Percey was praised for his commitment to the fire department, his community and his family.
“He was just a great guy all the way around,” said his brother, Perry Percey.
David Percey was a 27-year veteran of the fire department, and was described as one of its best-trained members. He was an electrician by trade, but could put his hand to just about any task.
Brigus Mayor Byron Rodway, who served as fire chief from 1994 to 2000, described David as dependable, humble and hard working, and someone who never looked for credit or reward for his efforts.
“When I’d go to the fire hall, I’d be looking for David’s truck because he was one of our better trained men,” Rodway said “It was a relief to see him among the crowd when you were going on a fire call.”
The Brigus fire brigade was established in 1965, and David Percey is the first active member to pass away.

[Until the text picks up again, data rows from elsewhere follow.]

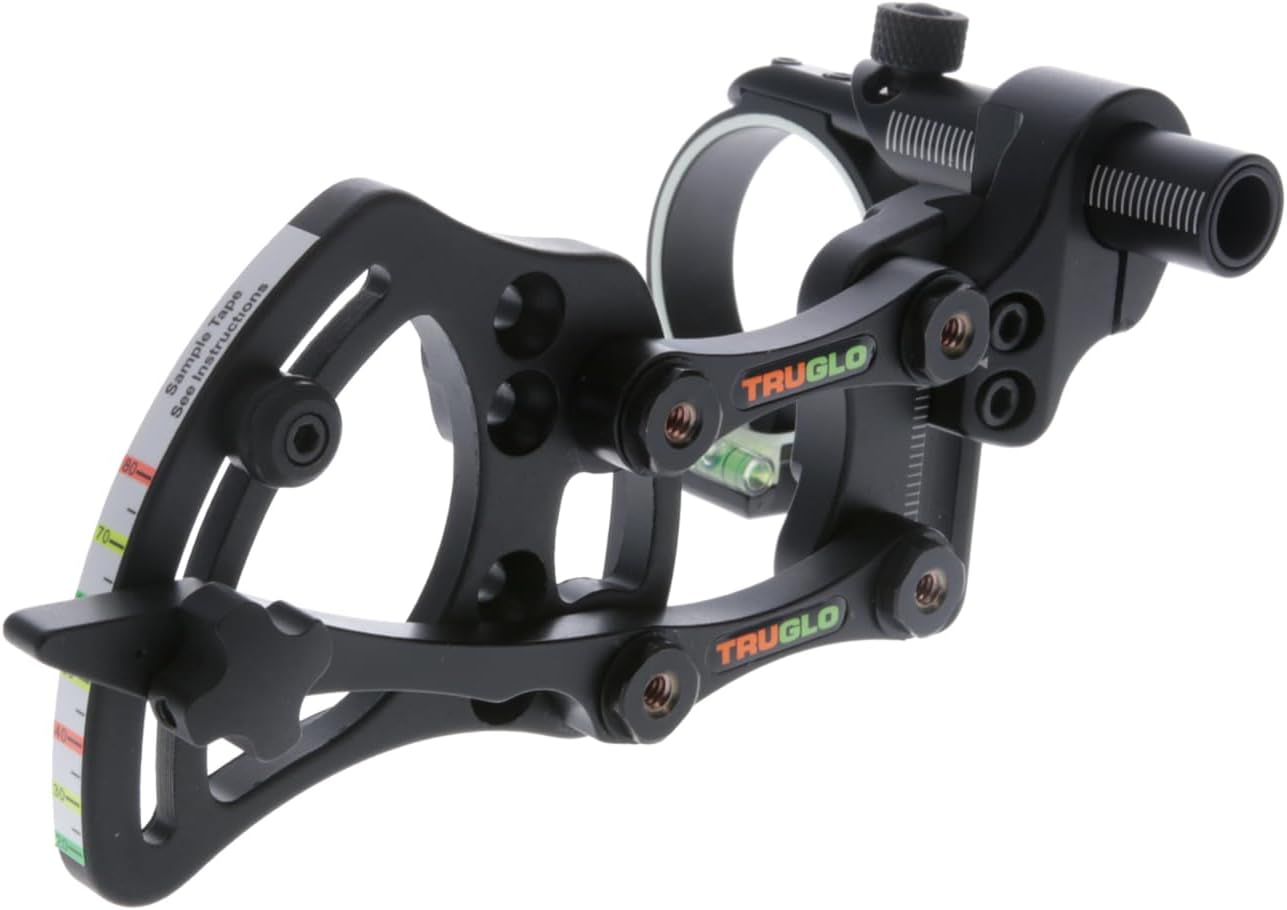 TRUGLO Pendulum 1-Pin Ultra-Lightweight Quiet Archery Hunting Treestand Bow Sight with Large Circular Field of View - Adjustable for Right & Left-Handed Shooters - LED Light Included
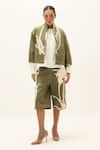 Buy_Kharakapas_Olive Green Cotton, Twill High Neck Fennel Printed Jacket With Shorts _at_Aza_Fashions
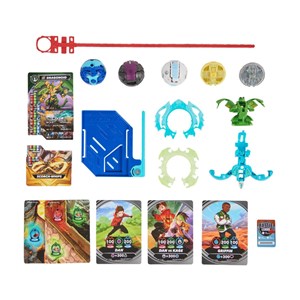 مبارزه باکوگان Bakugan سری Special Attack با لانچر آبی پک 5 تایی مدل Spin Master - Bakugan - Battle 5 Pack - Customizable Spinning Action Figure and Trading Cards_اسباب بازی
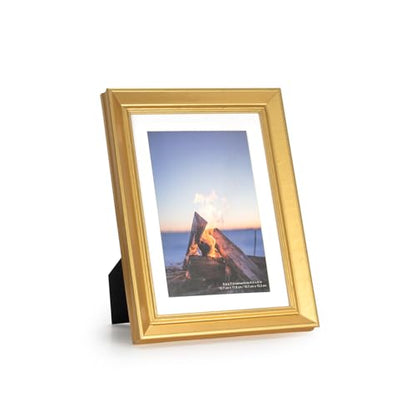 5x7 Picture Frame Gold, Display 5x7 without Mat or 4x6 with Mat, Wall Gallery Photo Frames - color: Gold Wood, size: 5x7 inches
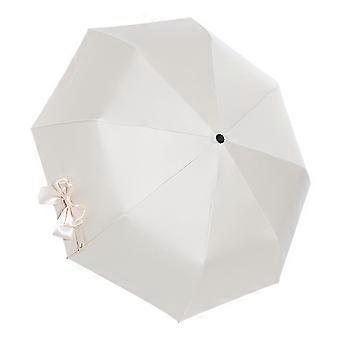 Compact Travel Umbrella Automatic Open Close Windproof Folding for Rain and Sun White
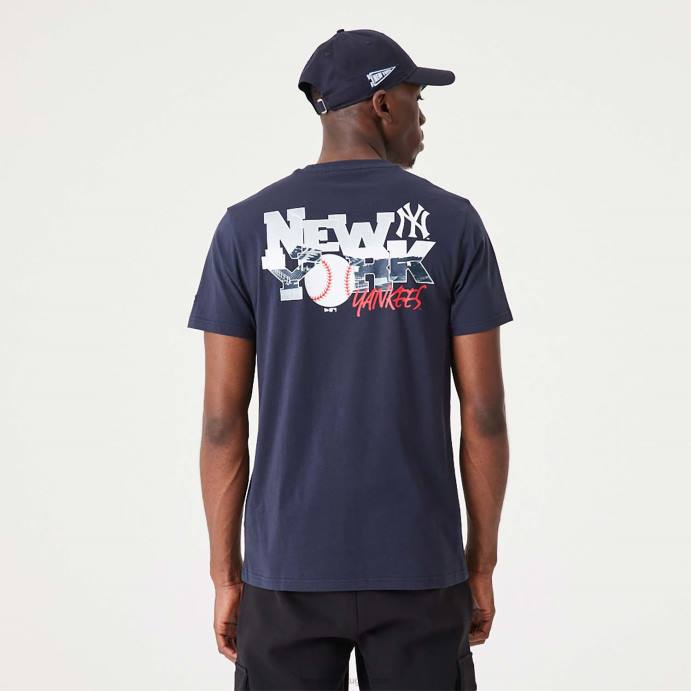 FFTN3129 New Era t-shirt New York Yankees mlb team logo gráfico marinho
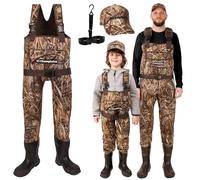 DaddyGoFish Neoprene Chest Waders for Kids and Adults, BootFoot, Fishing & Hunting with a Camouflage Caps and a Wader Hanger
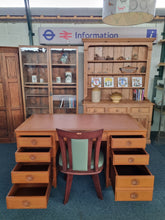Load image into Gallery viewer, Oak Twin Pedestal Writing Desk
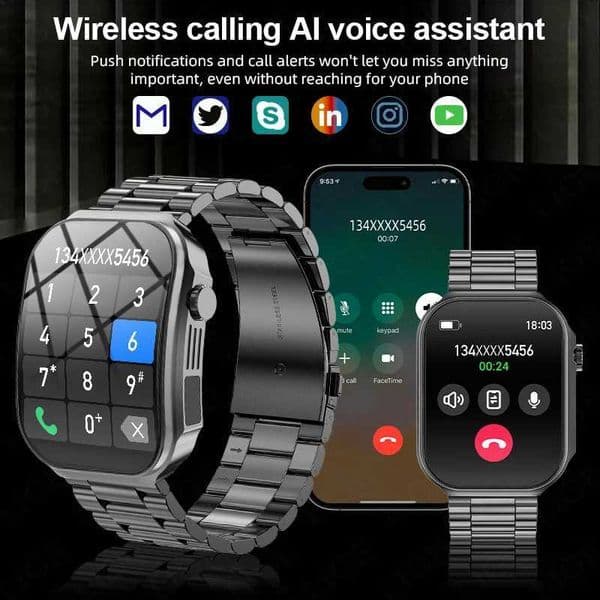 LIGE New 22-inch 3D Curved Sn Smart Watch With LED Light Thermeter Health Monitor Smartwatch BT Call Sports Fitness WatchJ260530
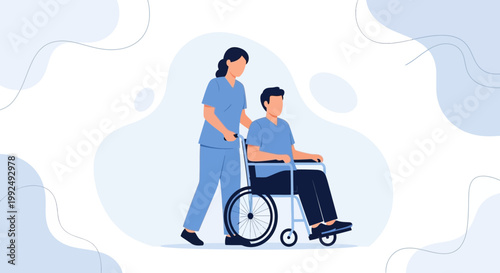 Nurse pushing patient in wheelchair, medical care, healthcare, support, assistance
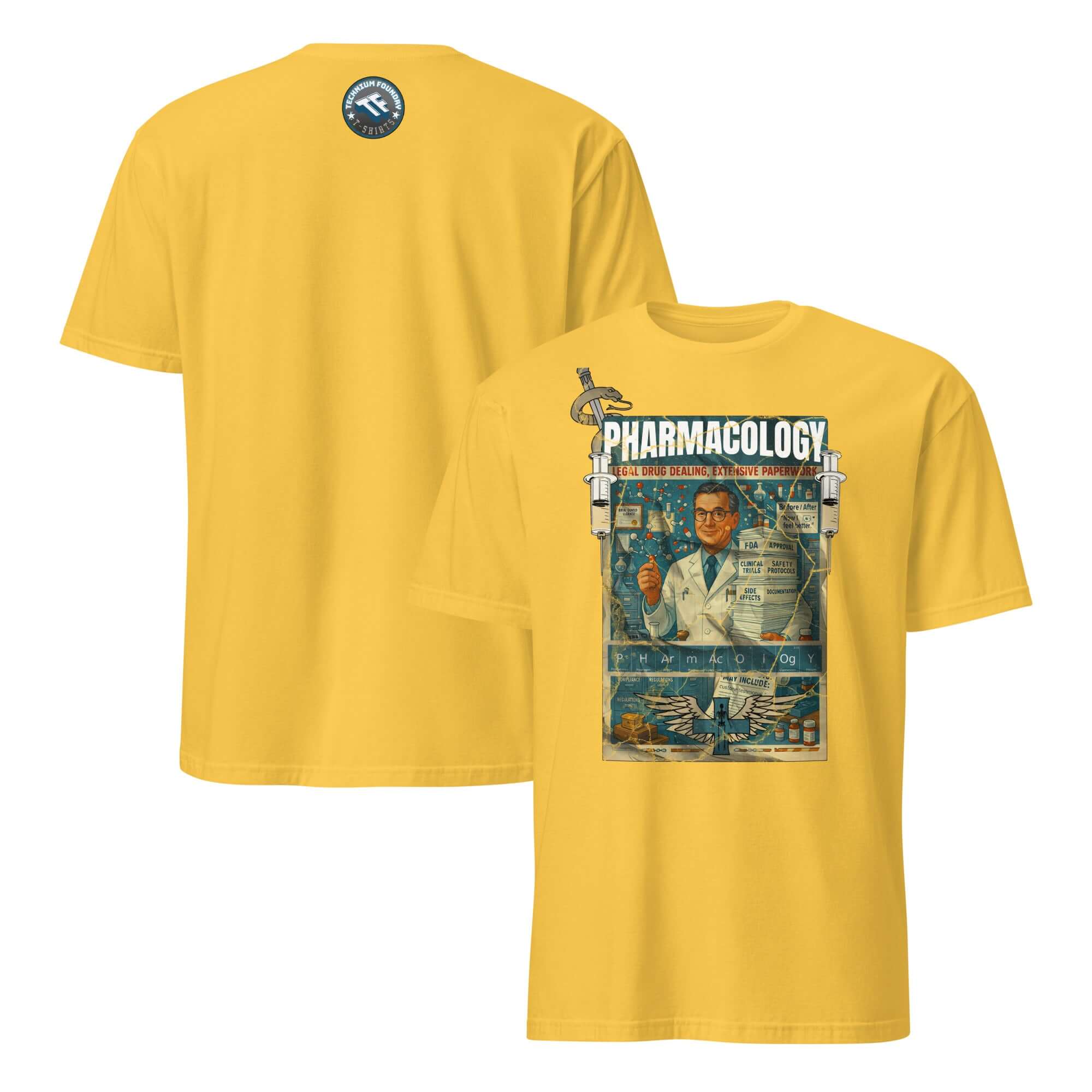 Yellow Pharmacology T-shirt featuring a vintage pharmaceutical design about legal drug dealing and extensive paperwork.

As a tribute, his casket was carried from the church to the graveyard atop the brigade’s 1969 Dodge pumper truck. The funeral procession included a convoy of fire trucks from Brigus, Bay Roberts, Bay de Grave and Harbour Main-chapel’s CoveLakeview.
“I think it was the best send-off anybody could have,” Perry Percey said.
“It showed how respected and liked he was. He was like a brother to them all.”
David was never married and didn’t have any children. But he was an incredible uncle, his brother said.
“He loved children and children loved him.”
David enjoyed Christmas, and would often enter a float into the town’s annual Christmas parade. He was planning to start working on this year’s entry over the weekend, said Perry.
He also enjoyed riding his all-terrain vehicle, and was an active supporter of the annual Brigus Blueberry Festival.
He loved pickup trucks, and earned the nickname “Diesel Dave” back in the 1980s when he started driving a brown GMC diesel truck. It had exhaust pipes that stuck up in the air, and “you could hear him coming long before you seen him. It was his pride and joy,” said Perry.
And when it came to electrical work, David was always there to lend a hand, said Perry.
“He could fix anything under the sun,” he said.
Perry said his brother always had a smile on his face and a sparkle in his eye, and was never one to shy away from an opportunity to get up to some mischief.
“He will be well missed by an awful lot of people,” Perry said.